A common misconception about STEM is the acronym itself. In 2001, the introduction of the science-based curriculum started to seep into the conversation. By 2009, the new approach to education became a mainstream concept for the classroom.
“Our kids don’t learn the way we did," says Jennifer, a local parent of a high school student. “We were handed math facts and given the test by Friday. I watched my son in second and third grade use his LEGOs and the living room floor to learn math.”
But, Jennifer admits that the changes were not easy. “I was learning with my son. It is not about memorizing anymore; it is about doing. Now, I am the one who asks to help with his engineering projects,” she explains.
The other worry about STEM is the lack of humanities. But, at some local private schools, they strive for balanced, integrated learning. The cross-curriculum focus weaves art with building and concepts with writing. It continues to stack the building blocks of learning in a seemingly poetic way.
More than Math
Science, Technology, Engineering, and Math are necessary given the shift in professional fields. The global digital economy is the reason the evolution in education happened. But, STEM is only an acronym.
The basis is for students to enjoy the world around them and to stay forever curious. The primary tenets of STEM’s objectives in independent schools are communication, collaboration, creativity, critical thinking, and global citizenship.
Group work and presentations are part of every classroom, from art to science. Helping one another learn creates a peer friendly environment. But, not every student is comfortable in social settings. Dana, the mother of a fifth grader, expresses, “Middle school is a difficult time for students. My daughter’s social anxiety was always a concern of mine as projects got bigger and harder. But, it seems that every semester, she comes out of her shell a little more. She’s made friends through group work, and it has changed her attitude towards social situations completely.”
Not every story is a success, but the focus on the individual student doesn't waver. Regardless of what some believe, conformity is not part of STEM. Everyone learns differently, excels differently, and sees the world through different eyes. The curriculum allows every child’s academic journey to be a unique one.
Creativeness is a fostered trait. The Dunham School offers equal parts with their high school electives. Where there is an Intro to Engineering class, there is also Creative Writing.
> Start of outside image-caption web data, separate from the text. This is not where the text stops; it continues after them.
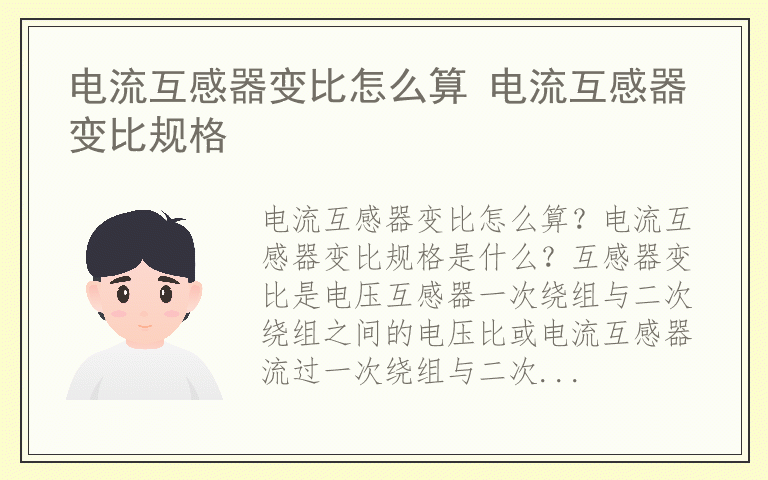 电流互感器变比怎么算 电流互感器变比规格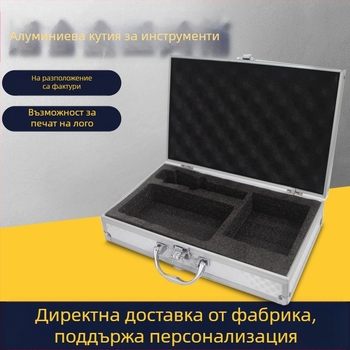 Алуминиева кутия за инструменти за звукова карта, куфар-стил, капацитет 5 кг, алуминиева рамка
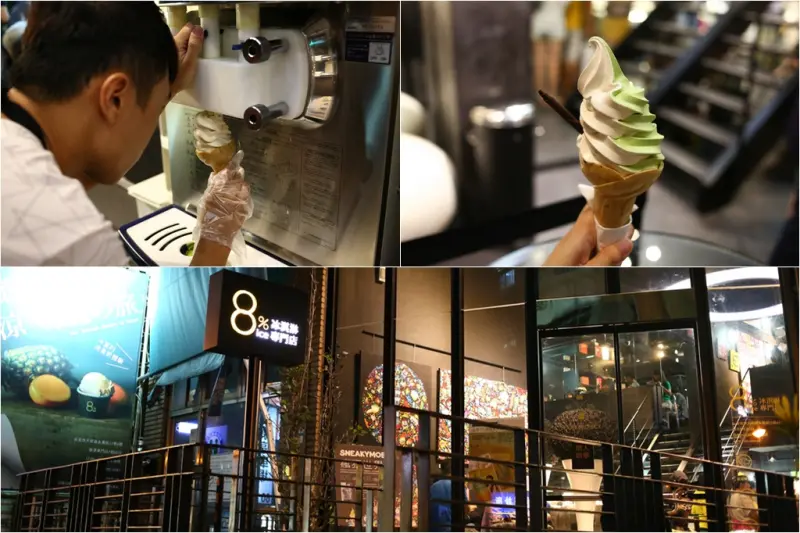 【8%ice冰淇淋專門店】抓住夏天的尾巴!慢半拍的永康街8%朝聖行!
No one size fits all approach exists.
Static grades are how people are accustomed to gauging academic success. But, with the slow elimination of “bubble tests” or a mixed approach, parents sometimes struggle measuring their child’s progression.
Episcopal School of Baton Rouge features Maker Spaces, a lab-like environment that encourages independent projects. They also are renovating a building to work as a Quest Center. The Lower School and Upper School will utilize the space to watch their learning come alive.
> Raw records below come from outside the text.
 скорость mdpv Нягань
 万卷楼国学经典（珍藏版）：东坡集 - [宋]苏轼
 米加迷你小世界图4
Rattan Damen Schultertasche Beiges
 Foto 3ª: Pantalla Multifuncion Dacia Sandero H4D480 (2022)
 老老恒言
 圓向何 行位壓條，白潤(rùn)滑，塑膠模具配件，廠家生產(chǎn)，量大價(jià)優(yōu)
The Dunham School also has Innovation Labs for students to learn and apply their skills in coding, building, designing, and engineering. The process of rebuilding and redesigning is encouraged in the labs.
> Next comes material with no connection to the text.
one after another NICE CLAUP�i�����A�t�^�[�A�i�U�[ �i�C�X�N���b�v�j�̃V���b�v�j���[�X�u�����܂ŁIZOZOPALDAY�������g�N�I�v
What happens in the Learning Spaces is not kept a secret, or merely used as a grading exercise. The students share their work with the public.
Episcopal School of Baton Rouge hosts events for parents. LAUNCH is a popular day-long event for Upper School students. Students present their projects, talk about their research, and exhibit their talent to peers, parents, and industry partners. At the Dunham School, parents attend Innovations Nights (PreK) or STEM nights (MS), so they can view and understand their child’s progress.
In both independent schools, industry partnerships are essential for both the school and the company. Engagement beyond a school’s walls opens up opportunities and creates a broader community of learning and understanding.
LSU, Shell, and Exxon are a few companies that champion STEM, offer up future role models, and provide their expertise. In turn, schools educate their students to one day not only take over corporations, but also the world.